TEXT-S&P release on Kazanorgsintez OJSC
(The following statement was released by the ratings agency)
Aug 19 - Standard & Poor's Ratings Services said today that it had removed its long-term 'B-' corporate credit and 'ruBBB' Russia national scale ratings on Kazanorgsintez OJSC (KZOS.RTS) from CreditWatch, where they had been placed with negative implications on May 2, 2008. At the same time, the ratings were affirmed. The outlook is now stable.
"The removal from CreditWatch and affirmation reflect that the group has successfully obtained a waiver for its incurrence covenant (leverage), as well as having covenants waived for other bank lines," said Standard & Poor's credit analyst Lucas Sevenin. "Furthermore, we expect the group to be able to obtain further new bank lines in the short term, to meet continued capital expenditures."
The group's high leverage and weak cash flow metrics reflect substantial, debt-funded expansion capital expenditures and the group's aggressive financial policy. The petrochemical industry's cyclical profits and corporate governance uncertainties also constrain the ratings. Risks of supply disruption and the unfavorable tolling agreement with OAO Gazprom (GAZP.MM) (BBB/Stable/--) also pressure the ratings.
However, Kazanorgsintez has historically had a comfortable EBITDA margin, averaging 25% over the past four years, thanks to cheap feedstock, favorable cycles, good market shares for the group's main products, and fast-growing demand for polyethylenes in Russia (helped by low penetration rates). These factors help mitigate the ratings pressure.

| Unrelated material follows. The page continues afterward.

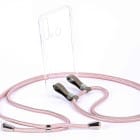 moex Free Spirit Huawei P20 Lite (2019) Hülle mit Band abnehmbar – Produktbild 6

"We expect the group to generate a solid EBITDA margin of at least 20% in 2008 and finance its maturing debt, capital expenditures, and working-capital needs with bank credit lines that are already signed or approved by the banks," said Mr. Sevenin.
The outlook could be revised to negative if we see signs of materially weakening profit in 2009, or if Kazanorgsintez's liquidity becomes tight, which could happen if, for example, the group faces substantial production or feedstock supply issues.
Given the high leverage and limited capabilities for free operating cash flow, rating upside is unlikely in the short to medium term.